We love Cheese!


#261

The black one is 8 month maturity. I tasted both, and I think I have preferred the taste of the black. Next time I will try the Reserve. Actually it’s not very clear, on their website, they don’t have the black one, the silver one Classic is about 2.5+ month, a Reserve one is 4+ month.

That plastic girolle is doing the job. But I want this!


Are you? It’s interesting for you for work in the cheese business, at least you have the excuse to taste even more cheese. Sometimes, the really good stuff go to restaurant or long time loyal client directly.


( :@)) :@)) ) #262

No, I’m not in the cheese business at all. It’s just they assume I don’t know anything about cheese and think they have a good selection. I tell them it’s boring/not special and that they should make an effort to acquire better stuff. Well, along these lines. Mincing my words here.


#263

We don’t get your raw cow brie here in the States, so this is the closest we got. They weren’t kidding when they said this brie tastes earthy and mushroomy. Its more mushroomy than many mushrooms… Made just SW of Paris with thermalized, not pasteurized milk, so its closer to raw.

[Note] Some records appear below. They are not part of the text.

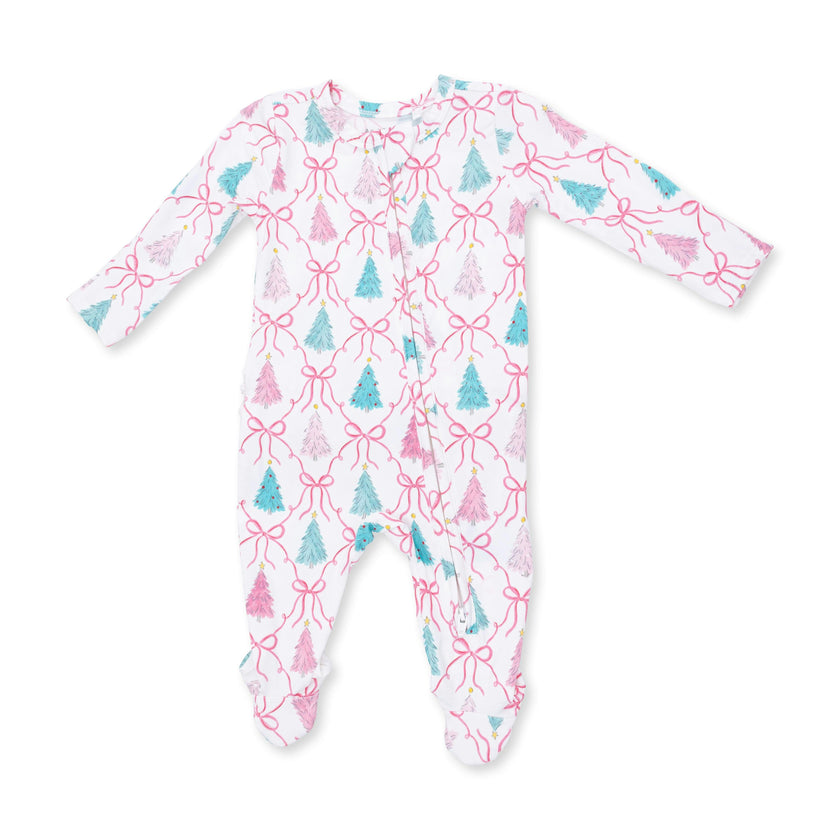 Bow Trellis Tree - 2 Way Ruffle Back Zipper Footie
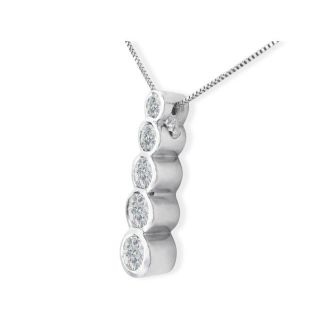 3/4ct Bezel Set Journey Diamond Pendant in 14k White Gold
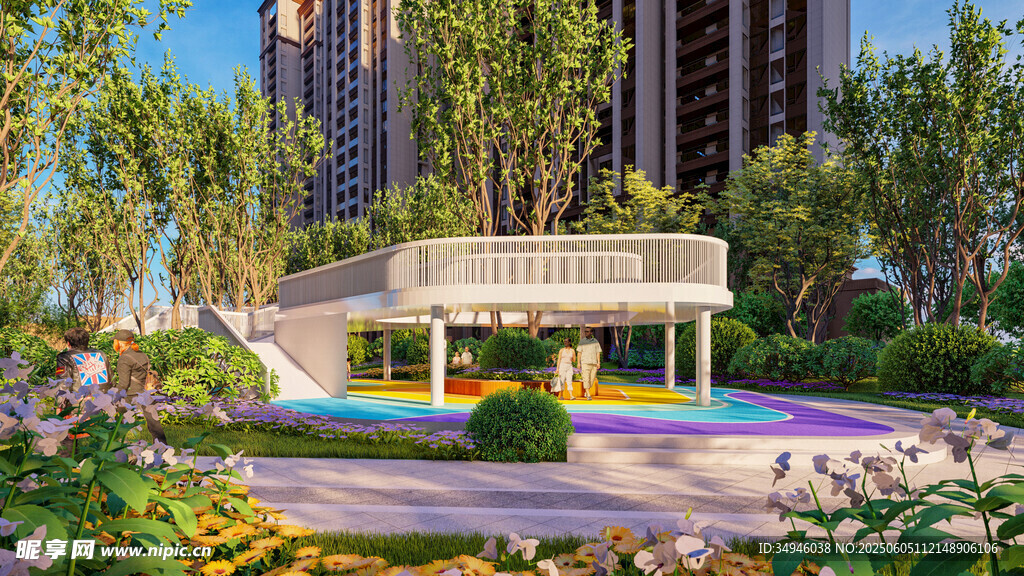 现代小区景观凉亭效果图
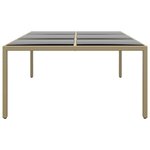vidaXL Table de jardin 200x150x75 cm Verre trempé/résine tressée Beige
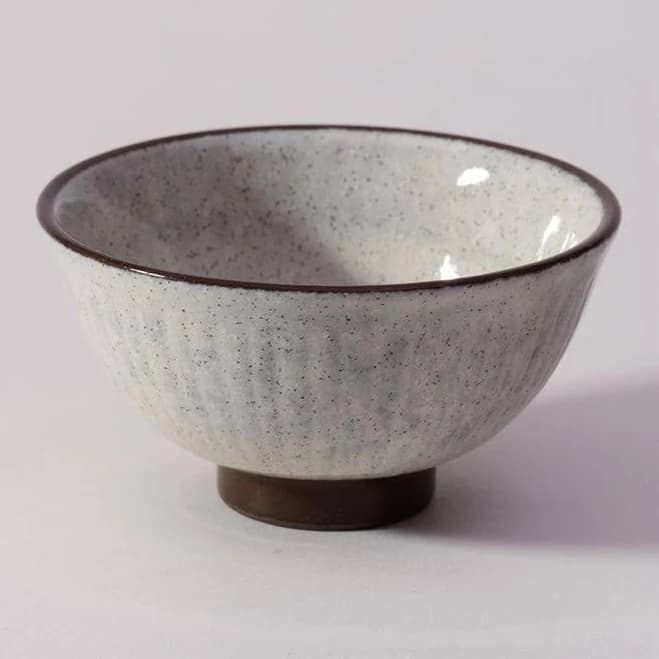 Mino Ware Tokusa Motif Soil Rice Bowl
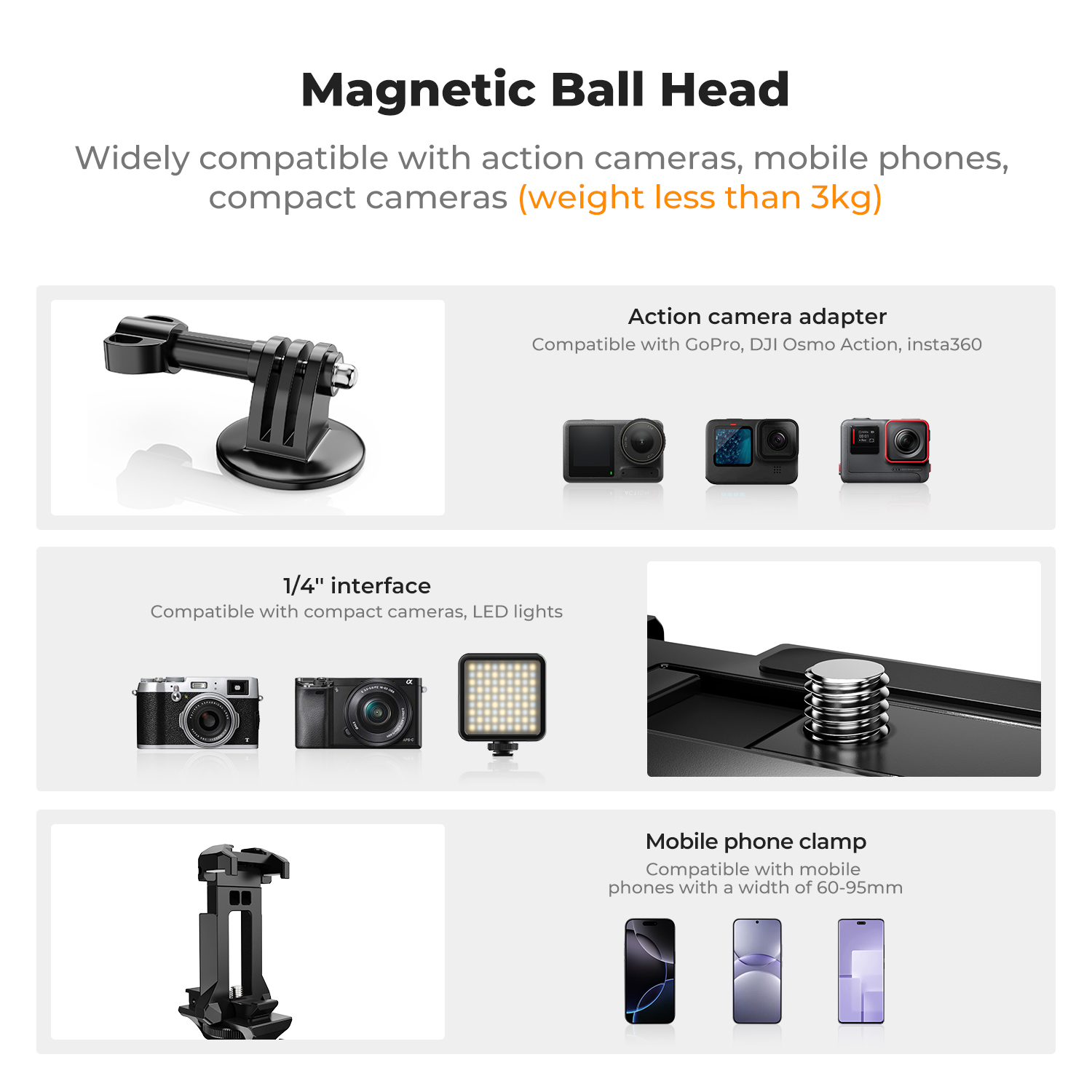 K&F CONCEPT 마그네틱 카메라 마운트 (고프로  - Gopro Action Camera Hero 12 Black 리뷰 및 가격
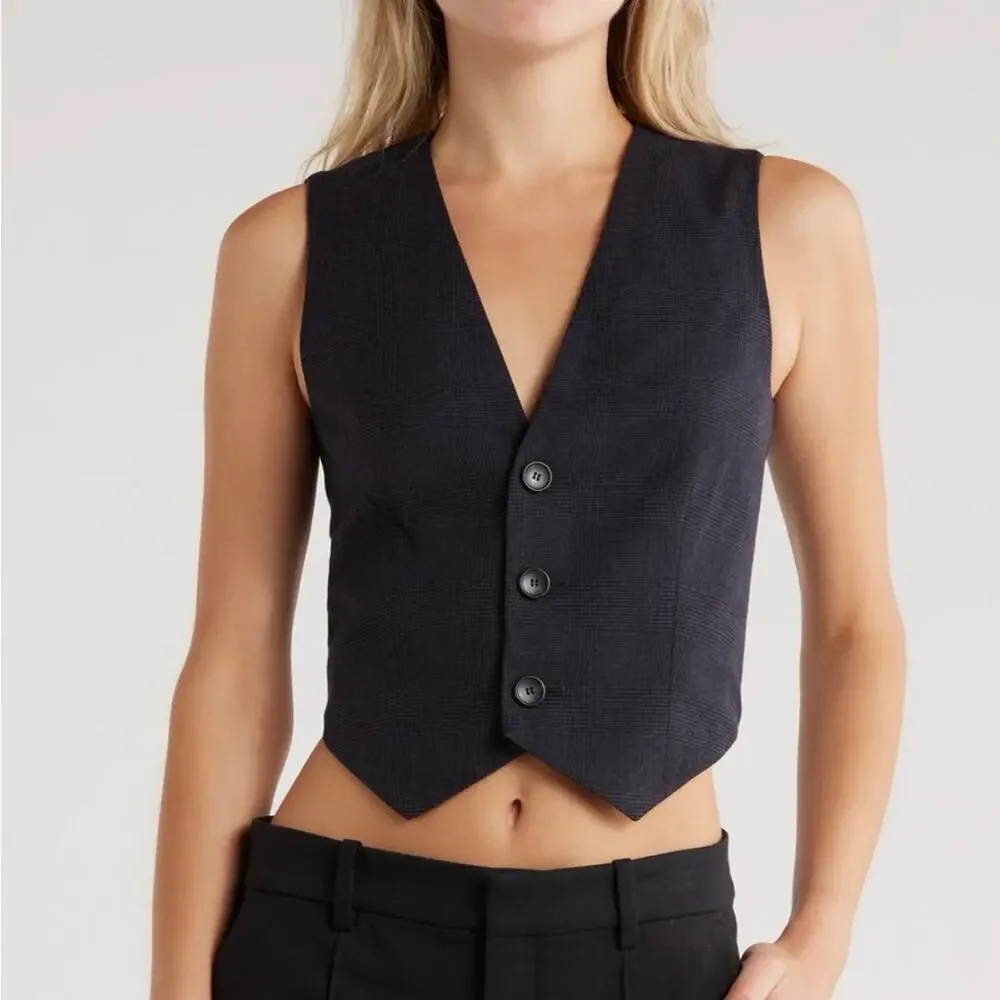 A.L.C. Maxwell Plaid Cropped Vest NWT wool/cotton(Sz 00) 397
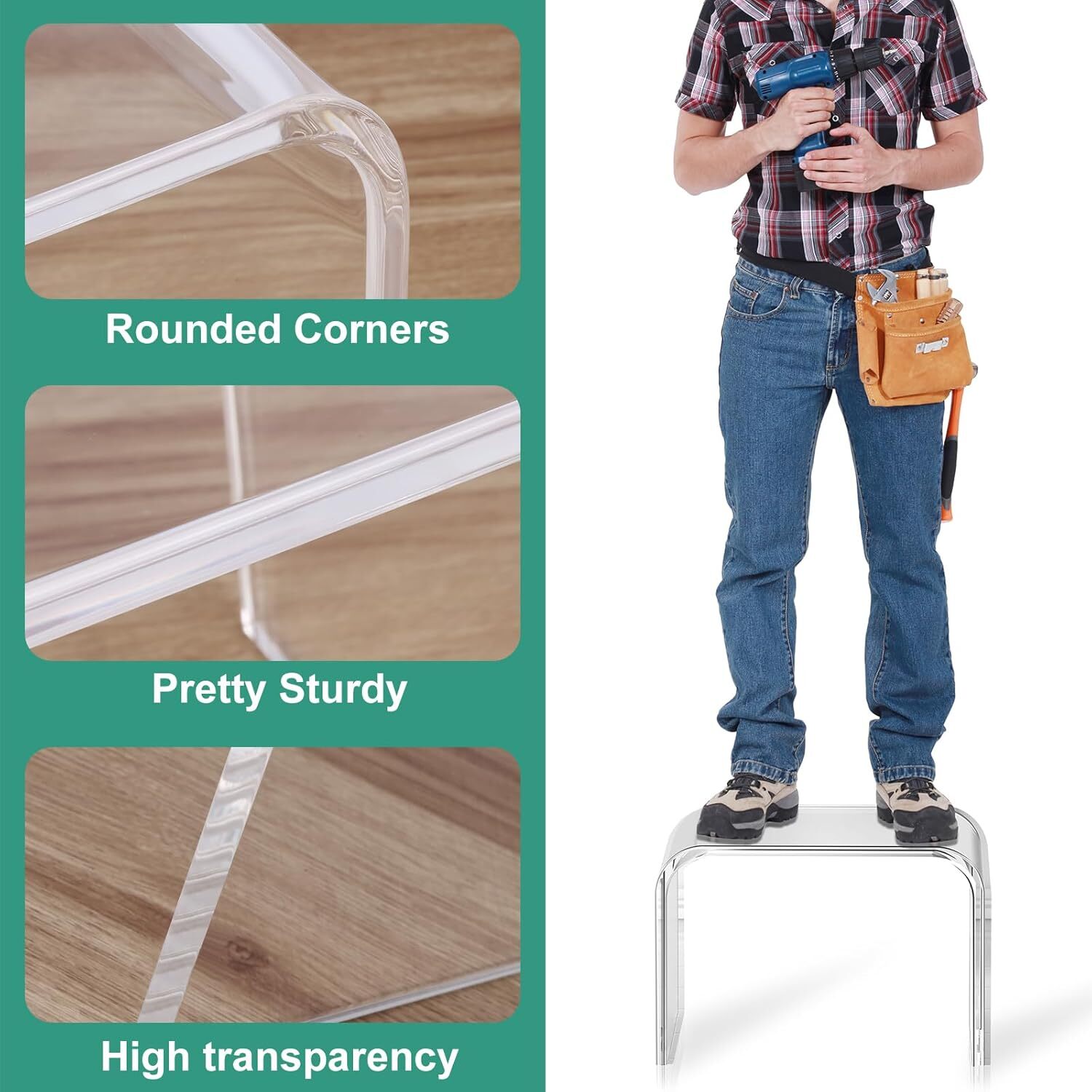 Acrylic Step Stool, Closet Non-Slip Footstool, 9” Kids Toilet Stool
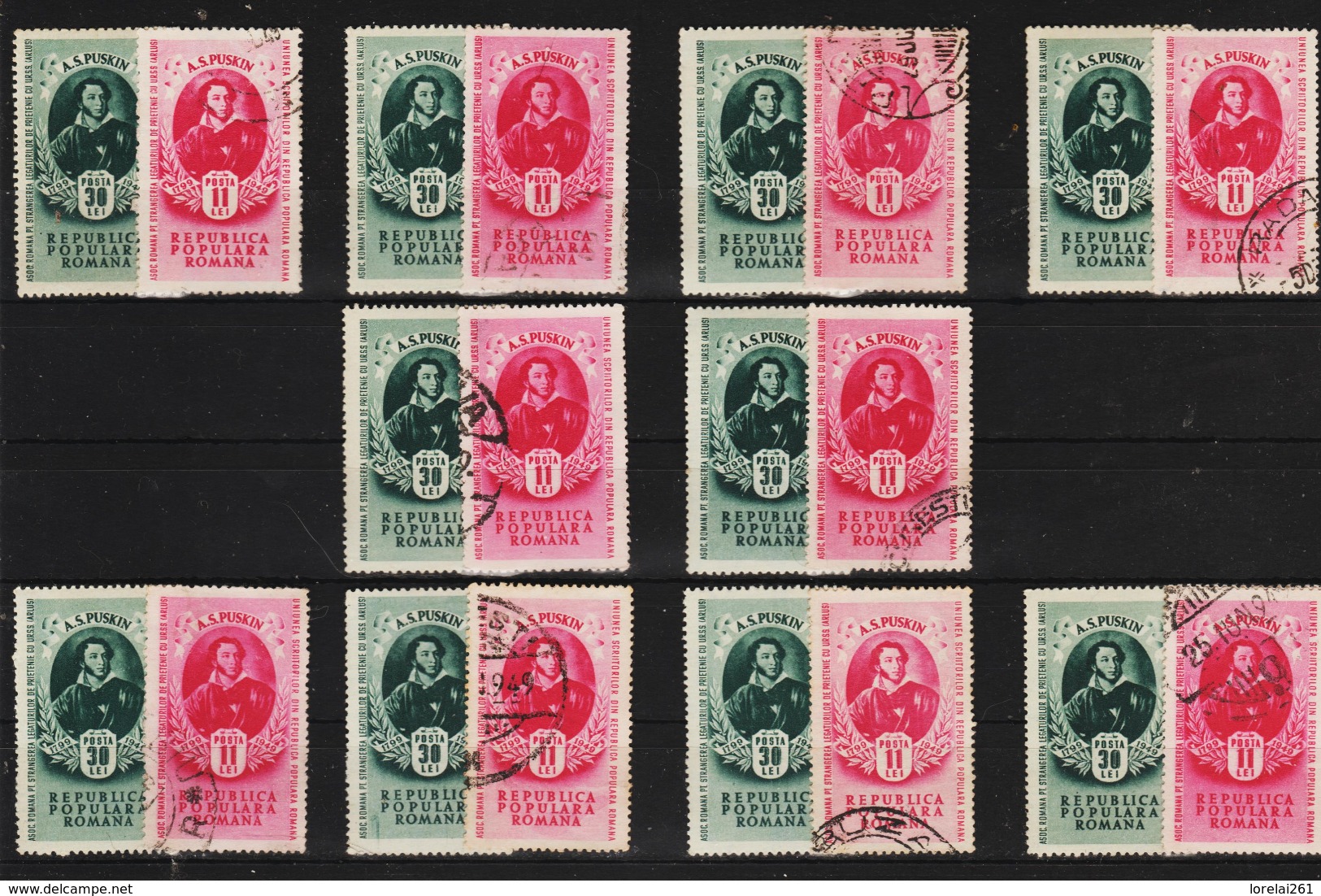 1949 -  SESQUICENTENAIRE DE LA NAISS. D´A.S. POUCHKINE,  MI No 1187/1188 Et Yv 1079/80 - Gebraucht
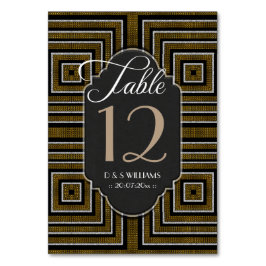 Cartões de Número de Mesa de Casamento em Bronze D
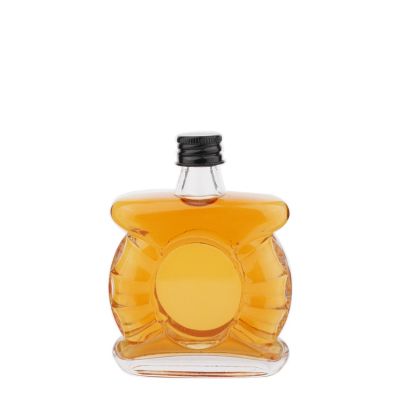 Clear glass empty mini glass liquor bottle small glass bottle 70ml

What’s the policy of bringing cheese through a US border?


#264

It’s marked “au lait cru” on the cheese, so it’s lying. When you put the label “au lait cru” in France, the milk has no treatment whatsoever, not even thermalised. OR it is really raw milk but lied to have used thermalised milk.

Yes, some cheese tasted very “mushroom”, recently an old Cantal I had, it has mushroom taste, but strangely not the younger ones, I tasted at the stand of the same cheese.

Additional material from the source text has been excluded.